§ **Source records**:

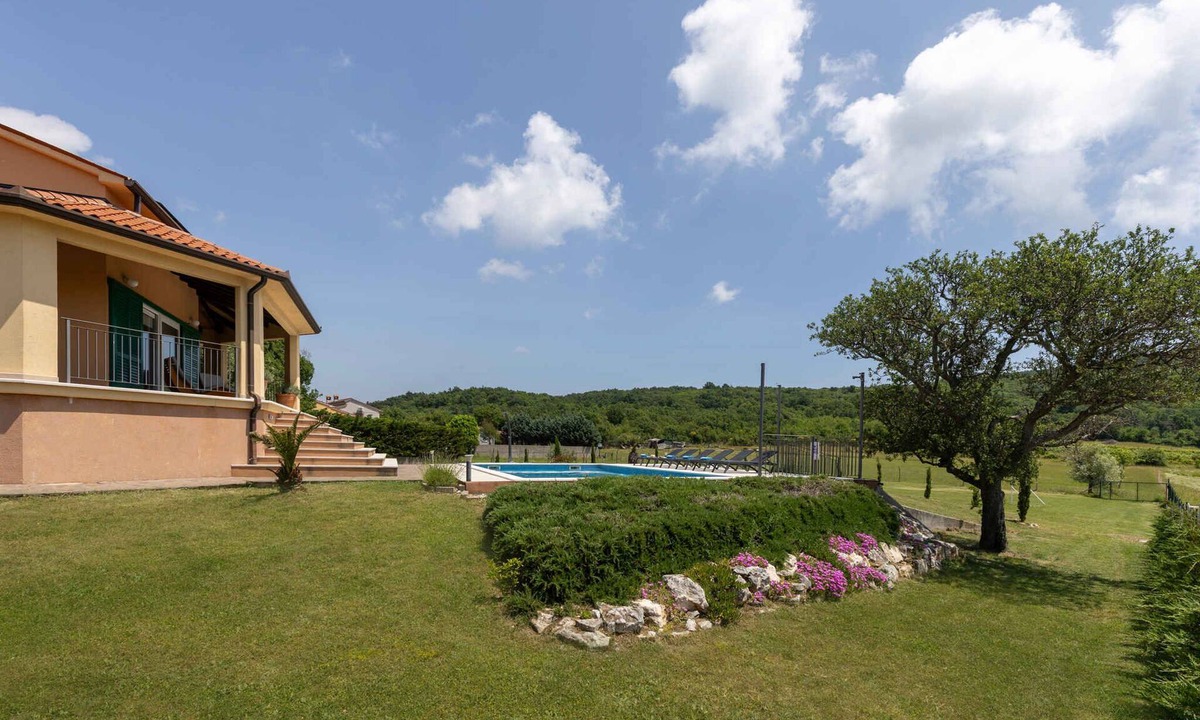Salakovci Villa | Villa with swimming pool in a quiet area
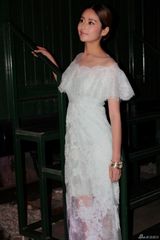 组图：颖儿蕾丝长裙高挑 瘦身成功被封励志女神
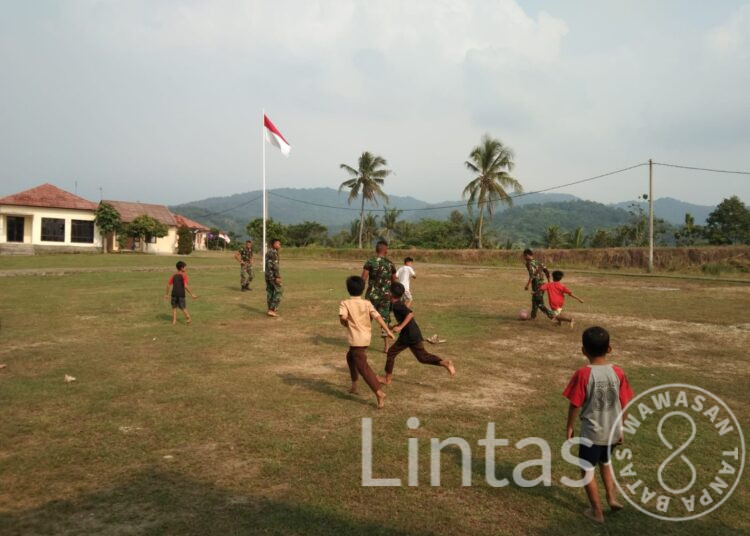 Lepas Jenuh, Satgas TMMD Kodim 0623/Cilegon Bermain Sepak Bola Bersama Anak-anak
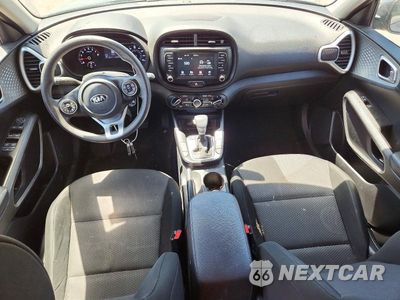 Zdjęcie 8 z 13 samochodu: 2020 KIA SOUL LX VIN:KNDJ23AU0L7731511 - miniatura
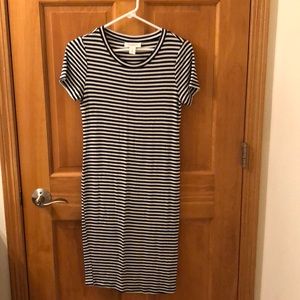 Maternity short sleeve dress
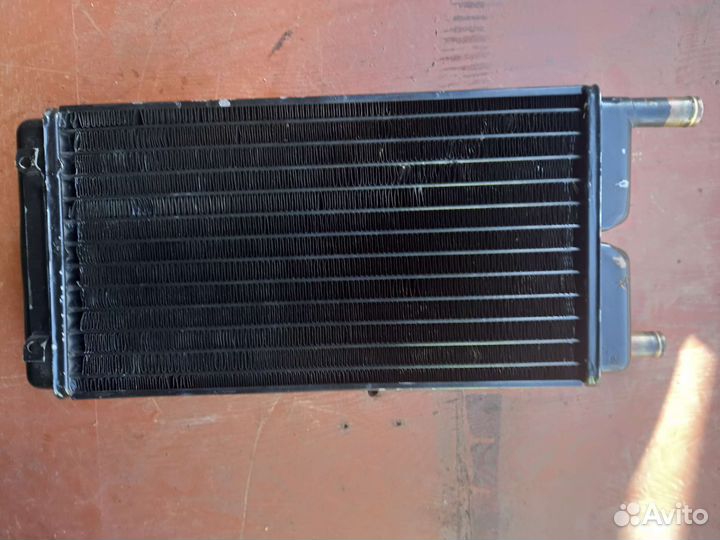 Продаю радиатор отопления кабины а / м ЗИЛ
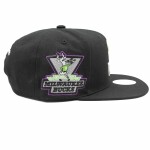 Mitchell & Ness Pánská kšiltovka Milwaukee Bucks NBA Neon Tropical Snapback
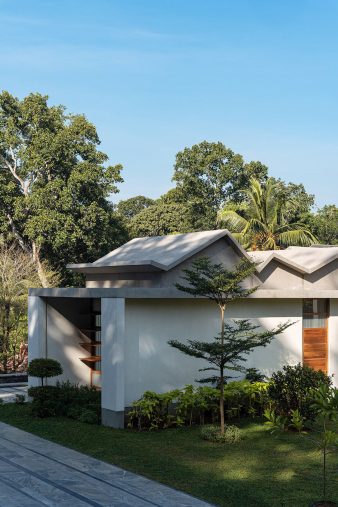 The Crimped Roof House - Poovarany, Kerala, India - 47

§ **AIM OF THE TASK**: Starting with the line that has "Zdjęcie 8 z" and ending with the last line of the records, retype every line exactly and only those lines. Do not include the pictures.

§ **TASK ANSWER**:
 Zdjęcie 8 z 13 samochodu: 2020 KIA SOUL LX VIN:KNDJ23AU0L7731511 - miniatura
 Maternity short sleeve dress
 Продаю радиатор отопления кабины а / м ЗИЛ
 Mitchell & Ness Pánská kšiltovka Milwaukee Bucks NBA Neon Tropical Snapback
 The Crimped Roof House - Poovarany, Kerala, India - 47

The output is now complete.